Just for the record, and this is from early on in this latest book, the difference between pathologists and forensic anthropologists is quote ” pathologists work with freshly dead or relatively intact corpses to determine identity and post-mortem interval. Anthropologists answer the same questions when the flesh is degraded or gone and the skeleton is the only game left”.
Kathy Reichs says that each of her books is based loosely on some case that she has worked on, or some experience that she’s had. She says she takes the core idea then spins off into “what if”. So she keeps her stories fresh and authentic because they originate from her actually being enmeshed and engaged in forensic work on a regular basis. I could also add that as a result the stories are quite grisly in places, not for the squeamish really.
Her last 6 or 7 books have included the word bones in the title for obvious reasons and also I guess because Bones is the name of the popular TV series based on her books.
In this new book Dr. Temperance Brennan is back in North Carolina and investigating the remains of a body discovered in a landfill near the Charlotte Speedway track. Charlotte is Tempe Brennan’s hometown. It is Kathy Rech’s hometown too I might add. The discovery of the remains, found packed in asphalt in a metal drum, restarts a long-dead investigation into the disappearance years earlier of Cindi Gamble then a high school senior and aspiring racer, and her boyfriend, Cale Lovette. Lovette kept company with a group of right-wing extremists known as the Patriot Posse. Could the body be Cindi’s? Or Cale’s?
They were both heavily involved with the NASCAR racing series and much of the action in this book takes place in and around speedway tracks. Before Dr. Brennan can really discover anything about the body in the drum the FBI confiscate the body and destroy it which pits one law enforcement agency against another.
Like all of her books this one is full of complicated characters and greatly detailed stories. Some of the characters appear in earlier titles but she introduces a new one, Galimore, a former cop, and I have the feeling that he may return in future titles. She does have something of a frustrating love life with her on again off again relationship with Detective Andrew Ryan but I’m picking this may change with the introduction of former cop Cotton Galimore to whom she is clearly attracted.

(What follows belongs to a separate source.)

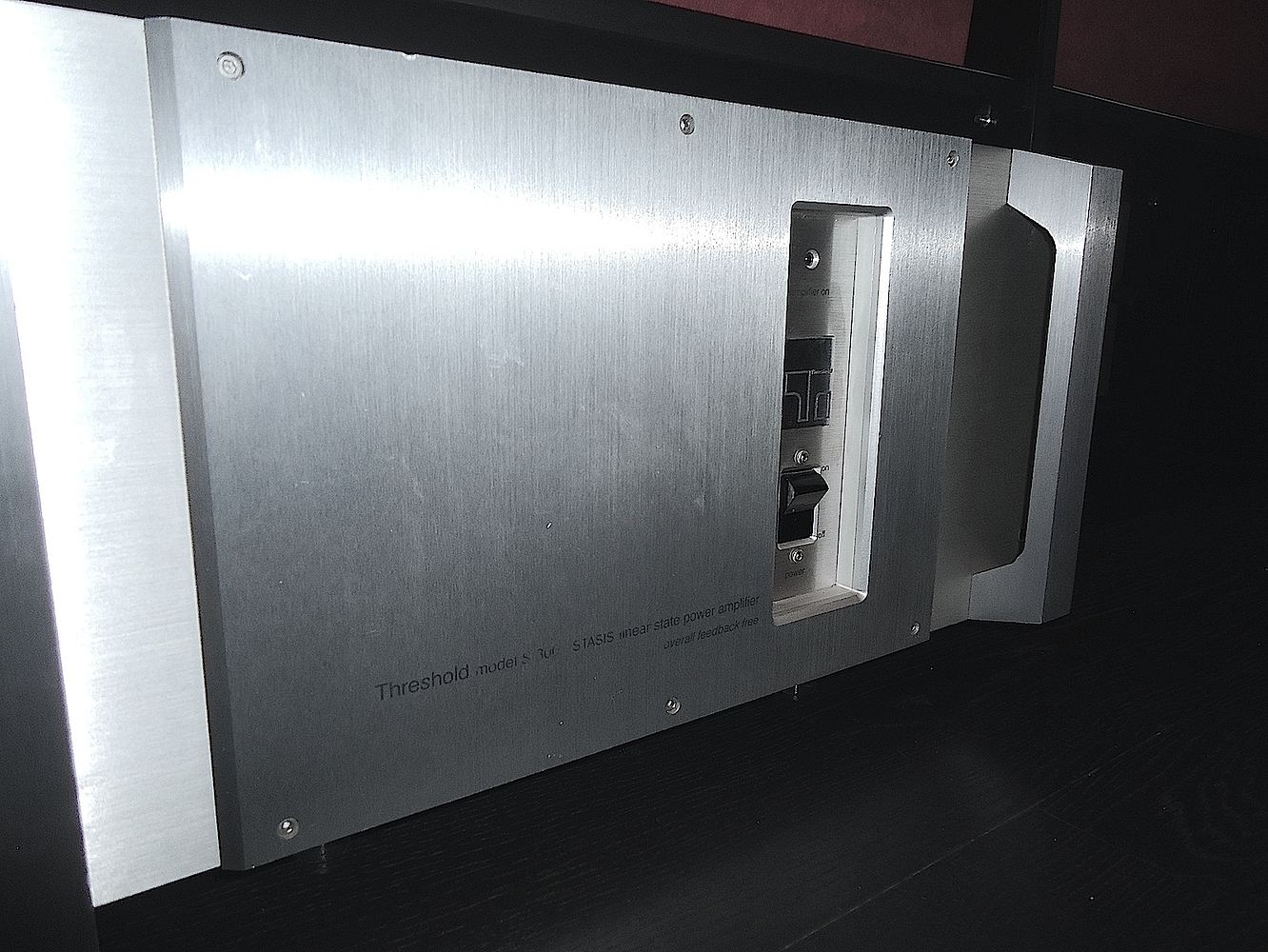 Threshold audio. Threshold s300 Stasis. Threshold s/300. Threshold s/300 Stasis Series II. Threshold Stasis 3 усилитель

The story takes place over the course of race week in Charlotte and much of it hinges around the nearly 15 year old mystery of the young couple who disappeared. But there is also much about NASCAR and car racing in the book. Reichs said that Prior to writing Flash and Bones, she only had passing knowledge of auto racing, having attended one event many years before. But it seems almost every Charlottean knows a player in the game--be it a team owner, a mechanic, a sponsor, or a driver. The author says “it's hard not to get caught up in the excitement each May and October when hundreds of thousands converge on our burg for big races. Like Daytona or Darlington, Charlotte is an epicenter for the sport”.
In the course of her research for the book Reichs met track owners and managers, sports journalists, pit crew chiefs, and fans who had driven their Winnebagos from Portland, Houston, Teaneck, and Nashville.
So its a rattling good crime thriller, chilling in parts, harrowing in others, with quite a lot about the car racing scene thrown in which I guess will be added interest for many, especially the petrol heads out there.